Keeping busy allows us to avoid things we don’t want to face. We know if we slow down one of two things may happen:
- The critical voice in our heads will say things like – How can you sit still you must be working? People don’t like people who are lazy. If I don’t do something you’re not productive or competent…
- The calling voice will start to speak up. It’s the voice that you are trying to avoid. The one you are saying to ‘I just want to do this first then I will listen to you…’.The one that you keep busy in order to distract from it. According to Jennifer Louden a calling is:‘That which is so alive, so urgent, so blissful, you must shield your eyes from it… It is that which you may think you do not deserve and certainly are not capable of giving birth to.’
Whatever voice it is that you are trying to avoid by keeping busy.
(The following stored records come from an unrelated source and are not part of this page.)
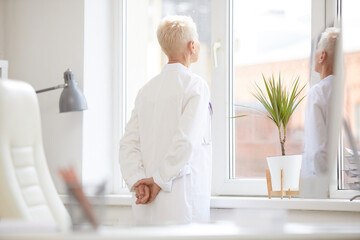 Pensive female director of Medicine wearing white coat holding hands behind back and looking out window while thinking of solution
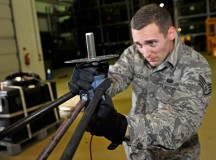 Staff Sgt. Dylan Gaudette, 1st Combat Communications Squadron airfield systems technician, adjusts the monitor antenna.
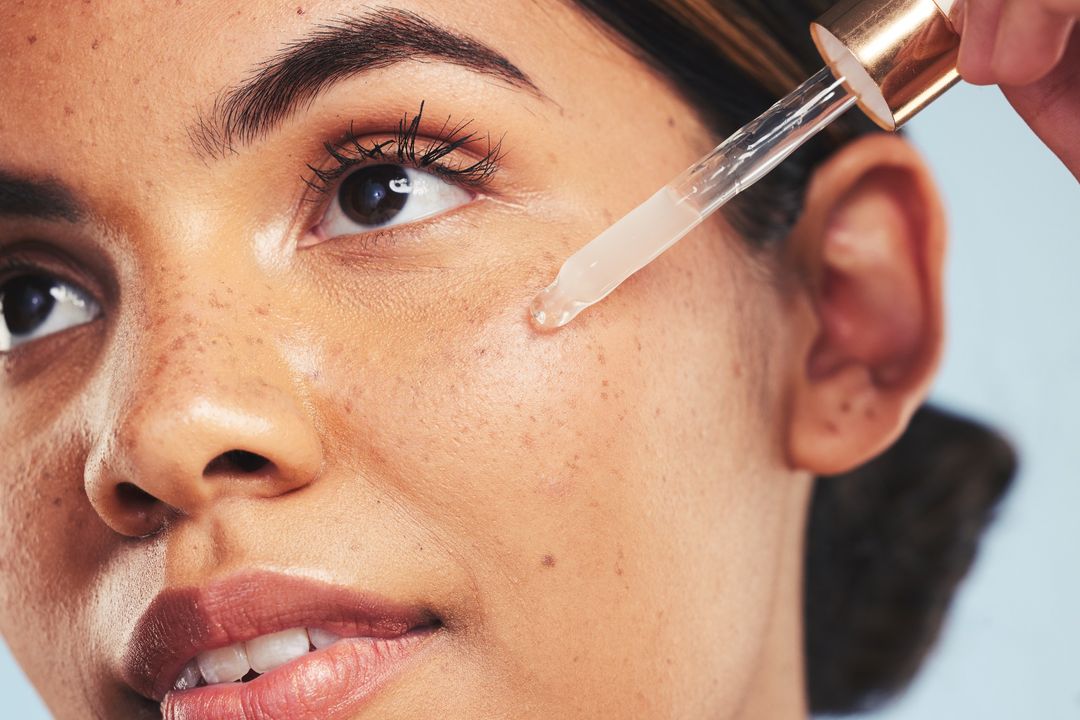 Close-up of a person’s face as a dropper touches the skin near the cheek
Know that with everything we do in the world there is a doing and a being state. Check in with yourself. What state are you mostly operating in? Who will you need to be for the desired things to happen in your life?
Even though the thought of just being might be scary. The good news, according to Rick Hansen, is that the more we practise to just be with ourselves. We develop new neural pathways. Over time we create a felt sense of a core being that is intact.
So, how does one do it?
- First find out what ‘activity’ allows you to connect with the ‘being’ part of you. It can be meditating, praying, walking early in the morning, yoga, being in nature, and breathing deeply…
- Then make time for ‘being’ in your life. It does not need to be long – it can be 1 minute a day.
- Practise regularly. Don’t underestimate the power of little things. It builds over time.
I want to close with one of my favourite mindfulness phrases by Mark Williams:May you have ease of being. Allow yourself to be just as you are: complete and whole.